Recently a paper in Science revealed yet another thing that genomicists already know. Namely, that “de-identified” genetic data can still be used identify individuals.
How? By trolling publicly available databases, in this case a combination of the 1,000 Genomes Project, databases maintained by genetic genealogists* and other freely available data sites. With internet access, a few key pieces of information and some resourceful thinking, computer expert/human geneticist Yaniv Erlich of the Whitehead Institute (M.I.T.) identified specific men by their genomic data. And it was easy, at least for someone with his mix of computing and genetics expertise.
My first response was a sigh. Then wait for it . . . and yes, minutes later the headline topped both the Health and Science sections on the New York Times’ website: Web Hunt for DNA Sequences Leaves Privacy Compromised. And If your genome is public, so are you, researchers find appeared in the L.A. Times. And Donated genetic data ‘privacy risk’ in BBC News Health. And Your Genetic Secrets May Not Be as Safe as You Think on US News & World Report’s HealthDay site.
You get the idea.
Interestingly, I don’t really have a problem with the coverage contained in the articles. Erlich is an open data advocate who handled his findings with great care, and he is quoted repeatedly as saying he hopes his paper doesn’t chill data sharing but instead improves data management practices. As he and his collaborators conclude in the original paper:
. . . in our view, the appropriate response to genetic privacy challenges is not for the public to stop donating samples or for data sharing to stop. These would be devastating reactions that could substantially hamper scientific progress. Rather, we believe that establishing clear policies for data sharing, educating participants about the benefits and risks of genetic studies, and the legislation of proper usage of genetic information are pivotal ingredients to support the genomic endeavor.

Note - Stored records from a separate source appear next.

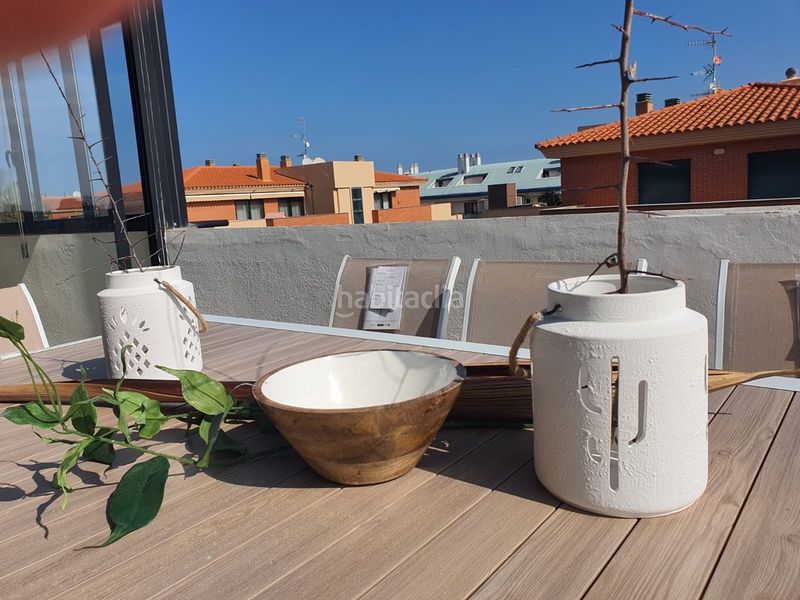 Foto 872adb8e-e7b5-443c-8be3-dc8c8d51ce14. Apartament amb aparcament a Centro Urbano Dénia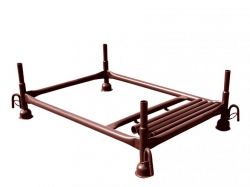 stohovac� paleta 11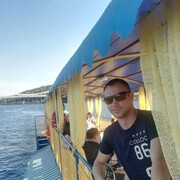  ,   Nikolai, 35 ,   ,   , c 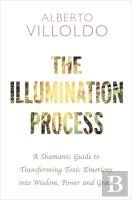 The Illumination Process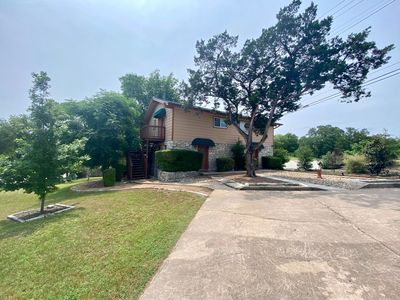 101 Blue Ridge Trl APT B, Austin, TX, 78746
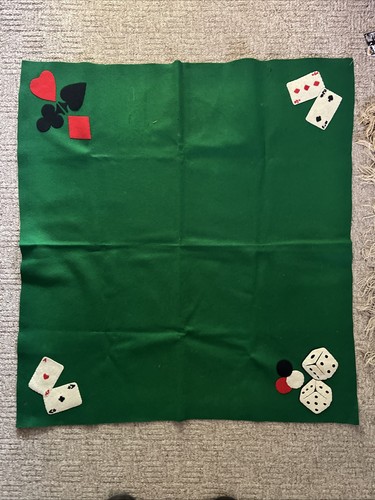 Vintage 1920s green - 1920s,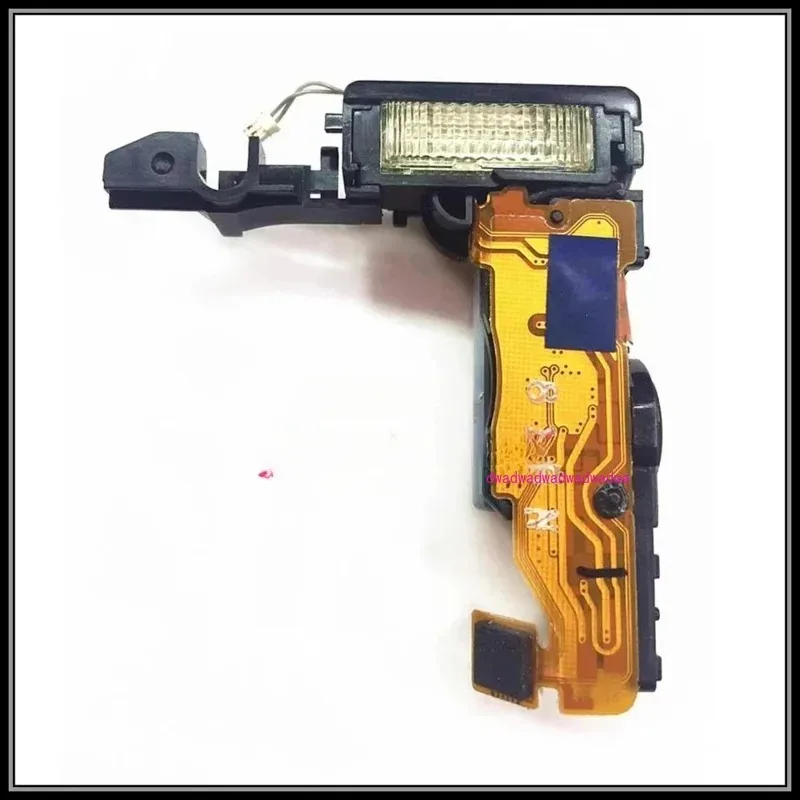 

Оригинальные запасные части для камеры Canon IXUS75 SD750 IXY90 флэш-памяти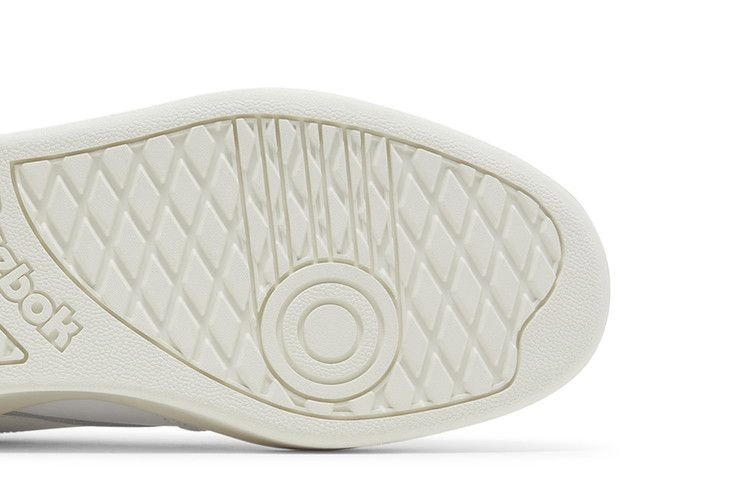 Кроссовки Reebok Club C Legacy 'White'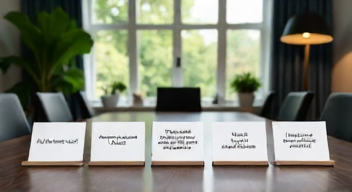 Die 5 meistgestellten Fragen (FAQ) zu Immobilienfinanzierung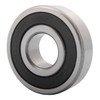 Kimpex Wheel Bearing - 904152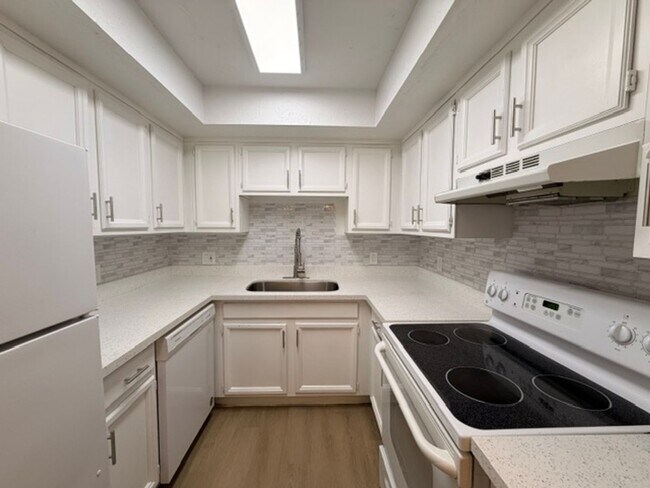 Foto del edificio - 3002 N 70th St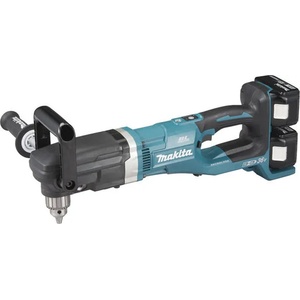 Makita DDA460PT2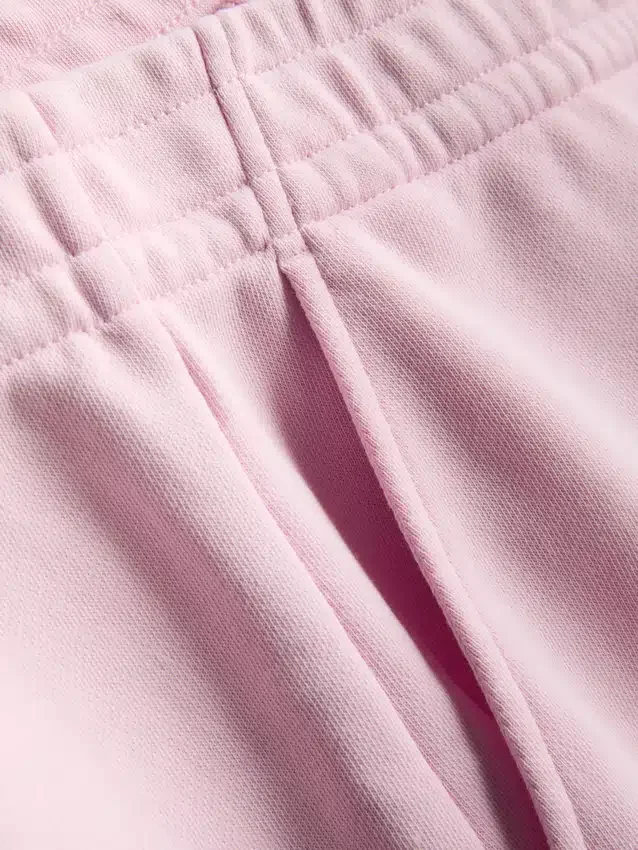 The Primark Scene | Shorts mit Knopfdetail aus baumwollreichem Material The Primark Scene | Shorts mit Knopfdetail aus baumwollreichem Material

Unfortunately, this point was typically left until last in the media reports as well. The overall up-front message was clear, and it was negative—providing genetic data is not “safe” and involves “risk.”
I had published a blog post advocating for broader genome education mere minutes before the Science embargo lifted, and here’s another reason why it’s so important. This paper furthers the vague sense that genome data is somehow scary and threatening, and its use conjures an odd mix of erroneous perceptions that it’s simultaneously medically irrelevant and somewhat dangerous. The inherent paradox would be amusing if it didn’t have the potential to, as the paper authors say, provoke “devastating reactions” based on fear of the unknown.
For the apparently small group that knows about the nuances of genome data, privacy is understood to be an ideal that, at the moment, is not practical. The Personal Genome Project’s consent form made the practical part of this very clear to me—in providing data that is, after all, the ultimate individual identifier in existence, complete de-identification is kind of laughable. But my personal response to this is a shrug. I will be public with my data, but if I was not it would take some doing to identify me from my genomic data alone, especially for anyone who is not an M.I.T. researcher with a rather rare mix of skills. And even if you are, what are you going to do? The truth is that there’s little definitive even an expert could find in my genome now that would be of use to anyone except me and perhaps my doctor.
The fear reaction reminds me of the early days of e-commerce, where so many people believed if they bought anything online with a credit card, the number would get hacked. But they’d hand that same credit card to a $5 an hour waiter, sign an original receipt that had a carbon, and think nothing of it. Obviously, the risk was far greater in the latter action, but it was familiar and therefore felt safer. Now, of course, Amazon’s sales totals prove that those fears have been quelled. One can hope the same thing happens for genomic data sharing.
I know that people with genetic diseases may feel differently, for very valid reasons. And as we get more sophisticated in our analysis, more robust security methods will become ever more imperative to protect patients from abuse from, say, employers, insurers and others who might wish to make them pay for “defects.” For that reason, Dr. Erlich’s research is an important contribution, and it will lead to discussion and refinement of policies and education. At the same time, right now we need to share genomic data, then share it more, if we wish to unlock its true potential to benefit humankind.
*After reading the original paper and many, many reports on it, I’ll confess I don’t know exactly what these genealogical database sites actually are, other than that they were generally characterized as “recreational.” It’s also unclear to me whether the individuals identified in the study donated data specifically to the genealogical databases in addition to the 1,000 Genome Project, or if data sharing led to the data being available for cross-reference.